What to do: Pictures stay out of the output. Return exactly the lines below from the one with "Customer photo review" down to the one with "Saç Ekimi Sonrası Saç Simülasyonu", both included, and nothing more.

Exercise material:
<<<<

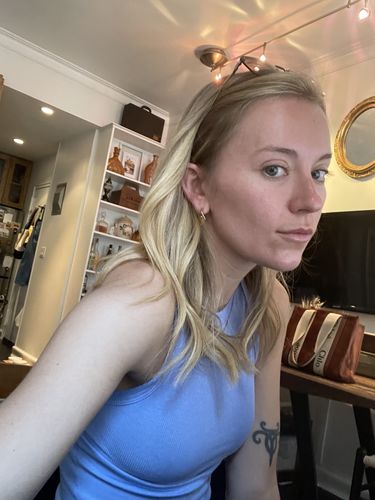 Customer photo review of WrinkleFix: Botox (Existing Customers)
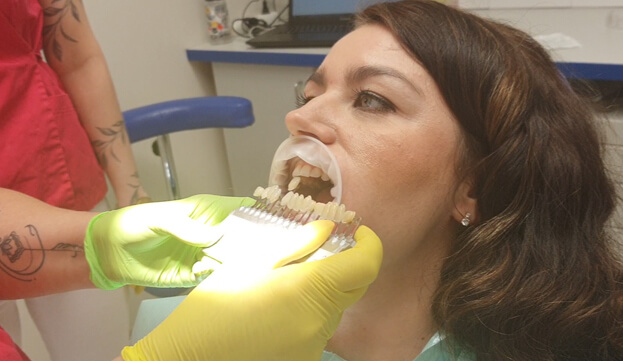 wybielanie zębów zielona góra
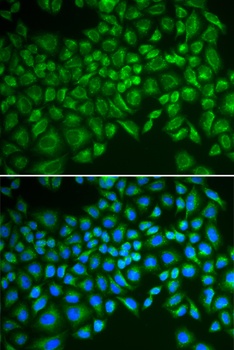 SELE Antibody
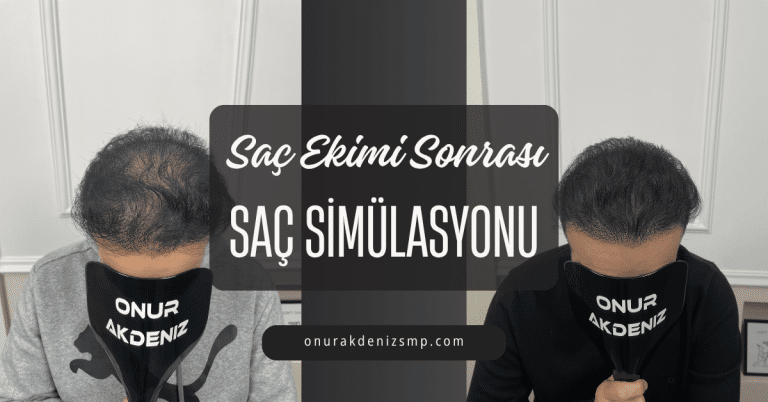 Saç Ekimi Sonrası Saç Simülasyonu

>>>>
<<<<

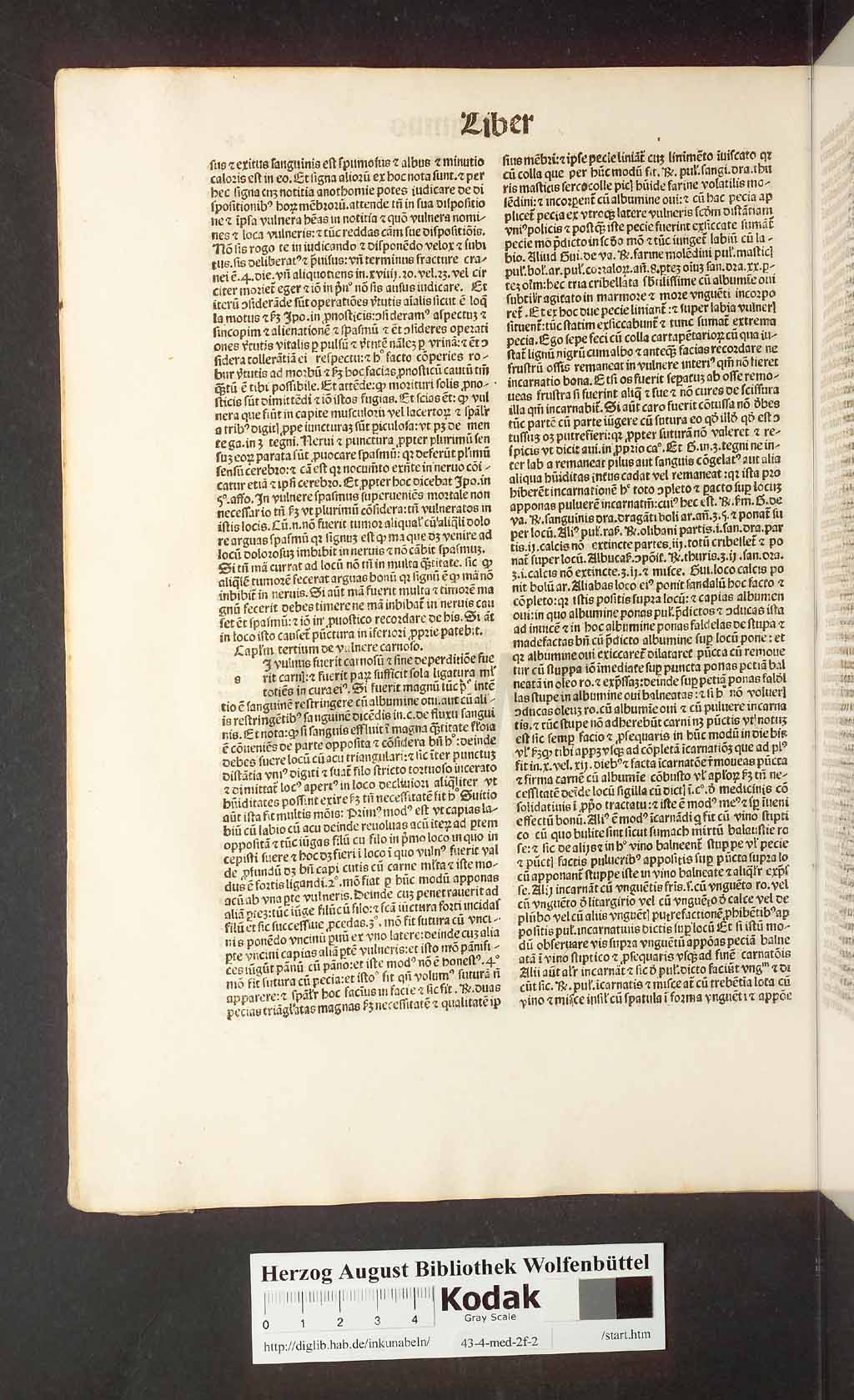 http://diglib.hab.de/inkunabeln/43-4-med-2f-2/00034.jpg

>>>>
<<<<

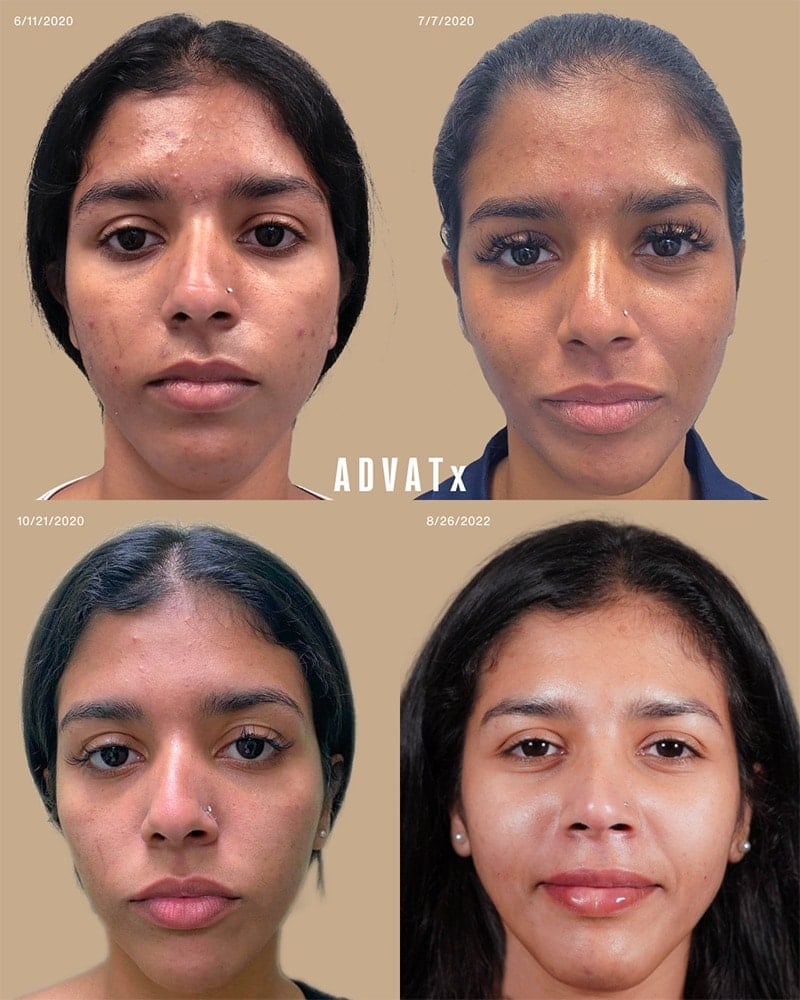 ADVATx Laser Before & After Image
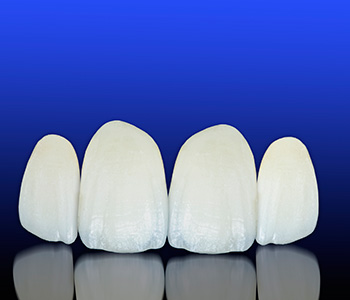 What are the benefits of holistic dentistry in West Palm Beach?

>>>>

Finished exercise:
 Customer photo review of WrinkleFix: Botox (Existing Customers)
 wybielanie zębów zielona góra
 SELE Antibody
 Saç Ekimi Sonrası Saç Simülasyonu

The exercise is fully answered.